The Congress, in its current left-of-centre avatar, is philosophically opposed to the RSS, which advocates a return of core “Hindu” values and culture.

“When the Congress does not have answers to charges of corruption, they resort to calling it communal agenda,” Seetharaman pointed out.

The warning is not the first or the only one that the Government may be working itself into a paranoia. Others, including Justice Santosh Hegde and other legal and political luminaries too have compared the statements coming from the Government to those made by Indira Gandhi just before she imposed the emergency.

Similarly to Gandhian Anna Hazare, in the early 1970s, another Gandhian Jayaprakash Narayan had been agitating in Bihar for a change in provincial government, and increasingly resorted to direct popular action against the Central Government through satyagrahas, like Anna.

Narayan and his supporters sought to unify students, peasants, and labour organisations in a ‘Total Revolution’ to nonviolently transform Indian society.

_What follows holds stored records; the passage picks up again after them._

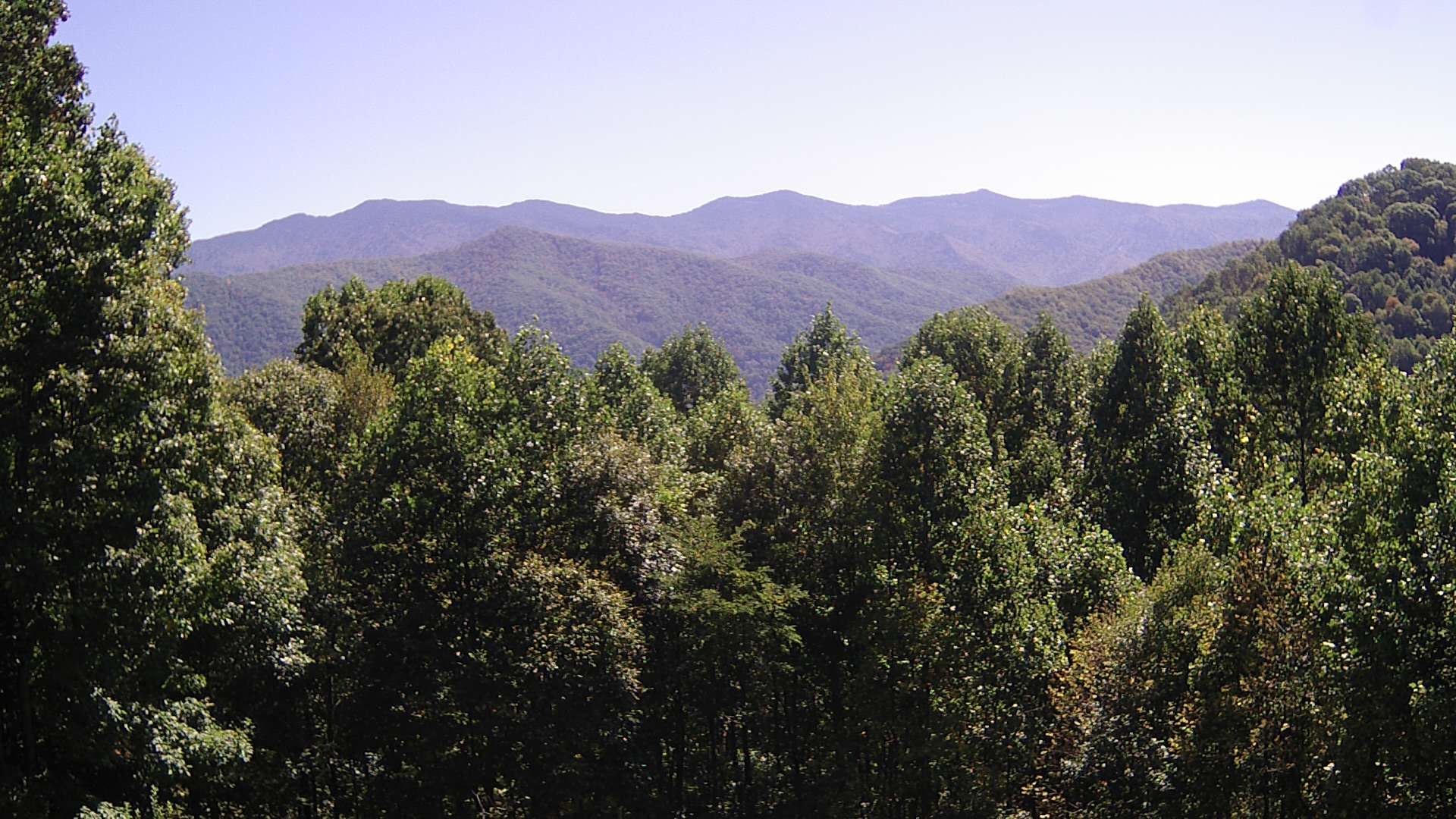 click for next image... slideshow image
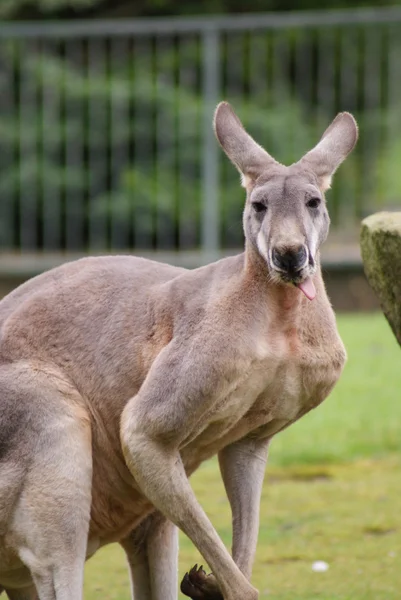 Vörös óriáskenguru - (Macropus rufus) — Stock Fotó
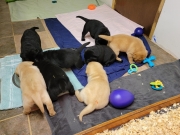 pups-3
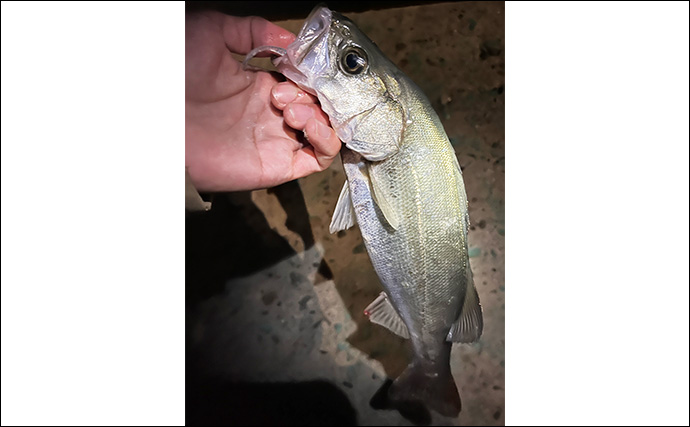 泉大津の波止ライトゲームでアジにカサゴが連発【大阪】想定外のヒラセイゴも登場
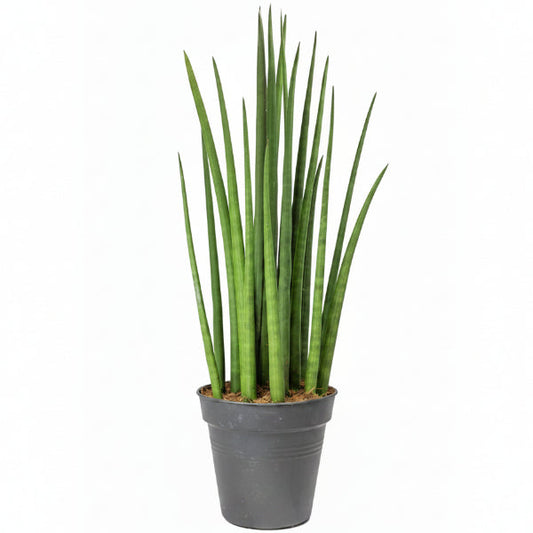 Sansevieria Cylindrica Skyline, Sansevieria Desertii – image 1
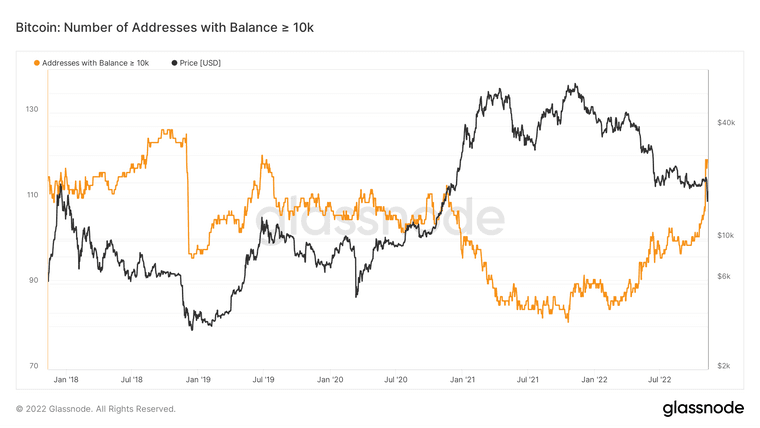 glassnode-studio_bitcoin-number-of-addresses-with-balance-10k.png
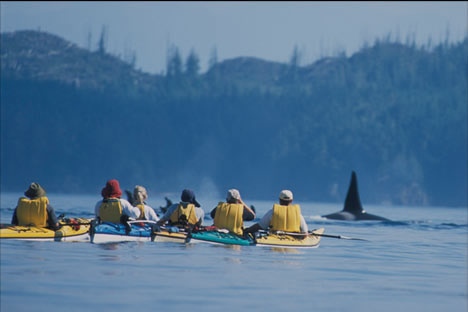 de40_kayak_main_01_3.jpg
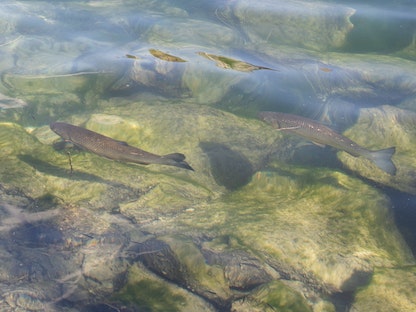 أسماك تسبح في نهر الراين بسويسرا. 11 أغسطس 2022 - REUTERS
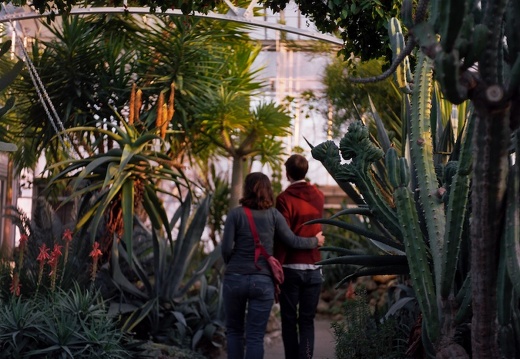 Krohn Conservatory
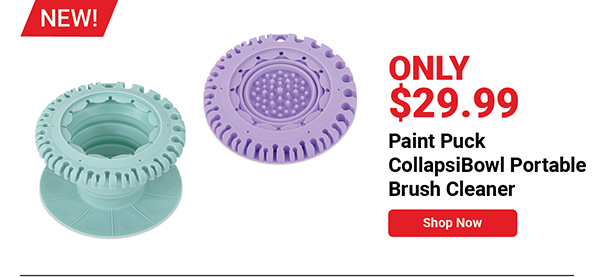 Paint Puck CollapsiBowl Portable Brush Cleaner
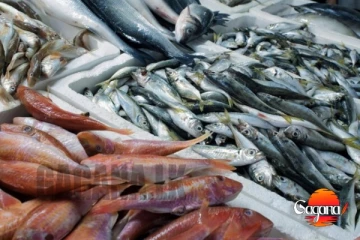 මේ මාස 6ට විතරක් මත්ස්‍ය ආනයන වියදම ඩොලර් මිලියන 343ක්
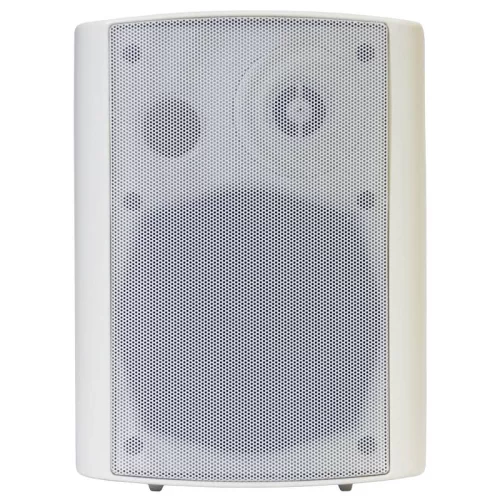 DSSWS-430W Настенный громкоговоритель, 5", 30 Вт.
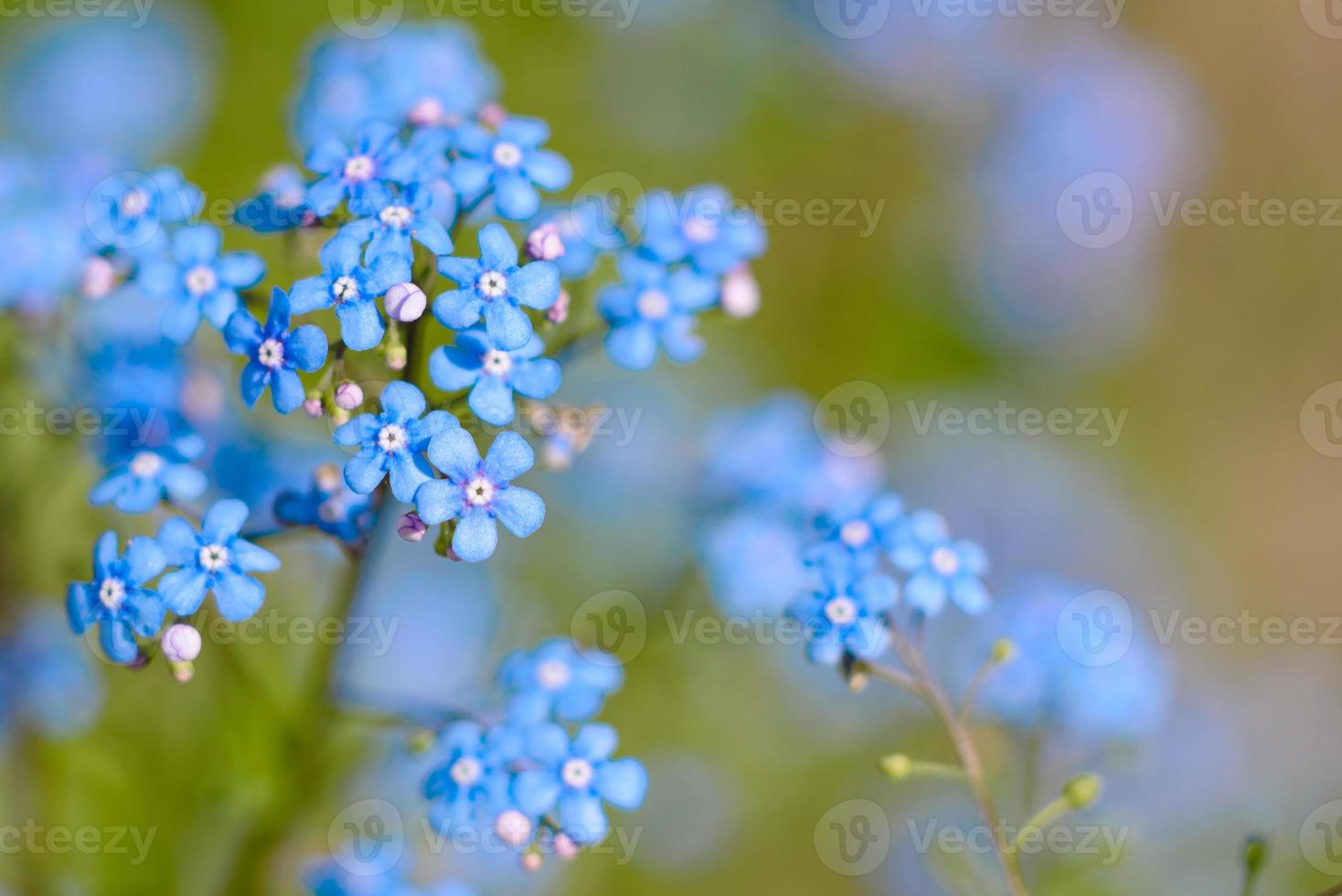 bellissimi fiori blu nel giardino estivo sullo sfondo di piante verdi foto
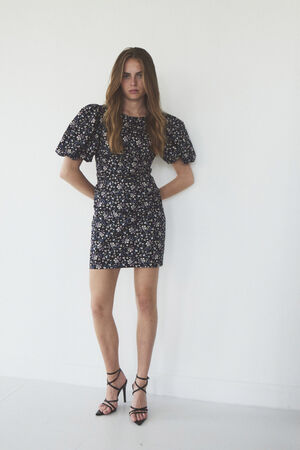 Sandrine Print Puff Dress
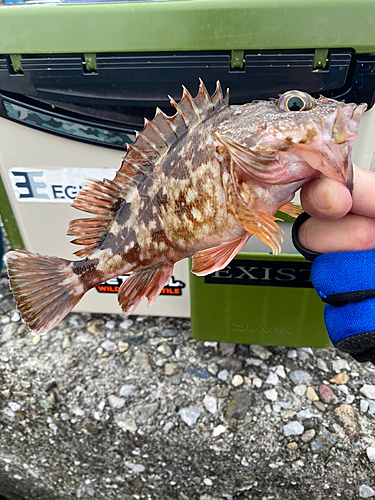 ガシラの釣果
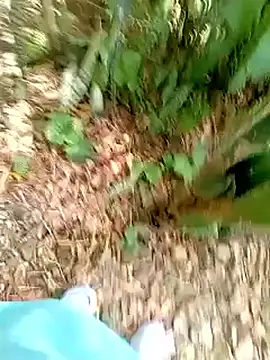 SabrinaVantress online show from April 2026 07:23:02 PM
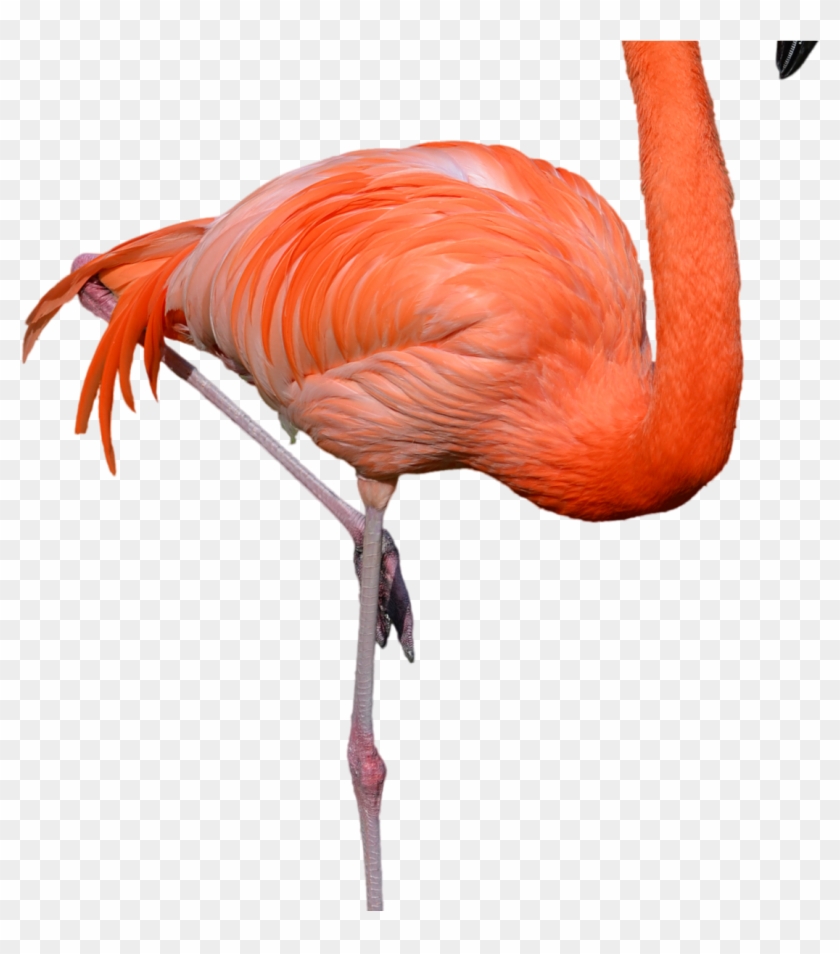 Standing Flamingo Png Clipart Hd Wallpaper Download - Flamingo Png #1246892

Indira’s party was defeated in Gujarat by a coalition of parties calling itself the Janata Party (People’s Party), and even faced an all-party, no-confidence motion in Parliament.

At that time too, the Congress blamed the RSS, which was seen close to opposition leaders, as crucial to using its large organizational base and cadre to organize protests against the Government. It was banned and thousands of its workers were imprisoned, even as the cadre-based organization continued to urge its members and supporters to participate in Satyagraha (peaceful protests) against the emergency.

The RSS is often blamed by the Congress for having inherited the legacy of pre-independence Hindu right wing political groups, one of which assassinated the father of the Nation Mahatma Gandhi. RSS is also portrayed as anti-minorities due to its emphasis on creating a more traditional, nationalist, aggressive India.

The current BJP (Bhartiya Janata Party) is an offshoot of the Janatha Party formed during the 1970s — the first credible opposition to the Congress in India’s heart-land. BJP continues to take “ideological guidance” and direction from RSS, which also conducts programs to prevent conversion of Hindus into Muslims and Christians and ‘reconversion’ of such converts.